![]() |
Menurut Car News China , Xiaomi Group mengumumkan hasil keuangan kuartal pertama tahun 2026 hari ini. Segmen kendaraan listrik pintar dan inovasi AI-nya menghasilkan pendapatan sebesar 19,9 miliar RMB (sekitar 2,9 miliar USD ) dan mencatat kerugian operasional sebesar 3,1 miliar RMB (sekitar 457 juta USD ).
Xiaomi juga melaporkan penjualan total 80.856 kendaraan listrik pada kuartal pertama tahun ini, setara dengan kerugian $5.600 per kendaraan yang terjual. Pada periode yang sama tahun lalu, Xiaomi hanya mengalami kerugian $900 per kendaraan listrik yang dikirimkan kepada pelanggan.
Penjualan Xiaomi sebanyak 80.856 unit kendaraan dalam tiga bulan pertama tahun ini menunjukkan peningkatan 6,6% dibandingkan periode yang sama tahun lalu.
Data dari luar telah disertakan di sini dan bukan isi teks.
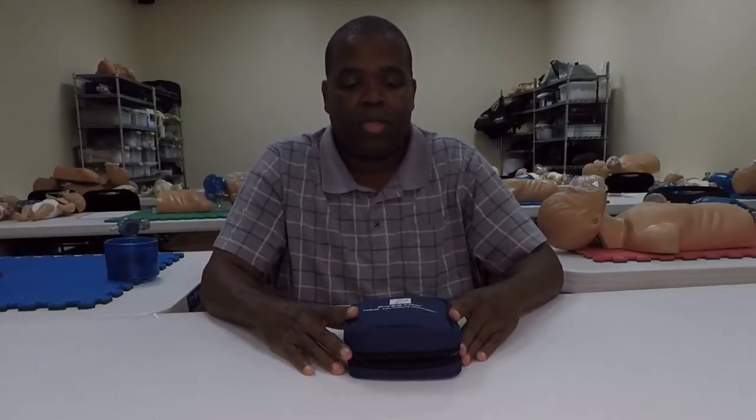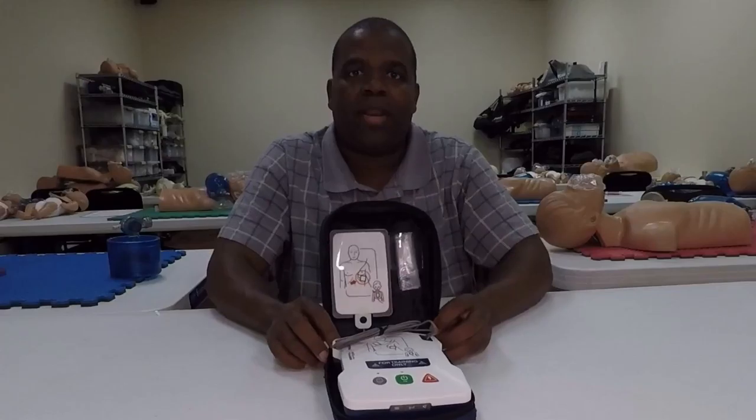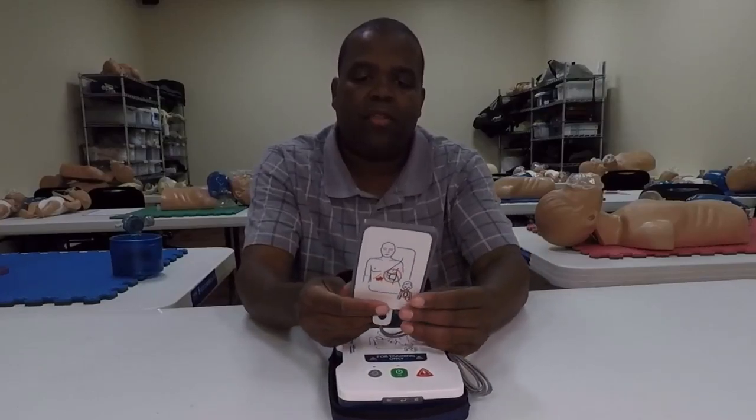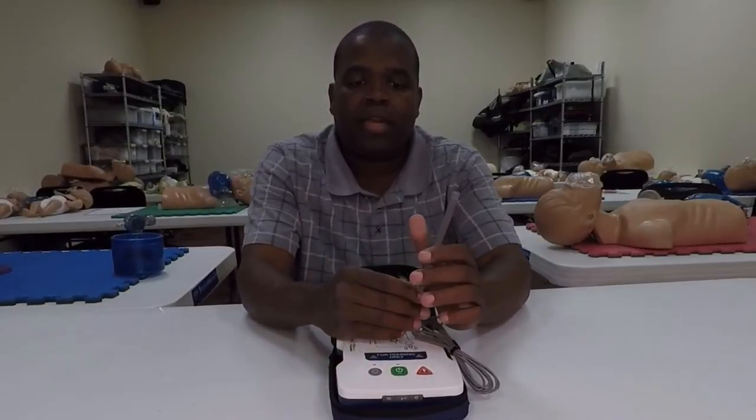First thing I like is the little case — it's small, it's simple. If I want to take a couple of these, I can just load them up; they're lightweight. When you pop the case open, everything is already in there. It's its own little carrying case. The pads, just like the other Prestan AED trainer, are on the actual card.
Pendapatan dari segmen kendaraan listrik pintar Xiaomi saja mencapai 19 miliar RMB (sekitar 2,8 miliar USD ), dengan harga jual rata-rata sekitar 235.000 RMB, atau sekitar 34.600 USD per unit.
Xiaomi mencatat bahwa produsen kendaraan listrik tersebut mencatatkan pertumbuhan penjualan meskipun terjadi gangguan produksi dan pengurangan pengiriman SU7 generasi pertama. Salah satu model yang memberikan kontribusi signifikan terhadap peningkatan penjualan ini adalah SUV listrik Xiaomi YU7.
![]() |
Per tanggal 6 Mei, Xiaomi SU7 generasi baru telah mencatat lebih dari 80.000 pemesanan awal yang terjamin, sementara SUV listrik YU7 telah mencapai tonggak penjualan kumulatif sebanyak 232.000 unit kendaraan dalam 10 bulan sejak peluncuran resminya di pasar.
Xiaomi mengumumkan bahwa mereka telah memperluas jaringan ritelnya, sehingga jumlah gerai penjualan menjadi 490 lokasi di 143 kota di Tiongkok.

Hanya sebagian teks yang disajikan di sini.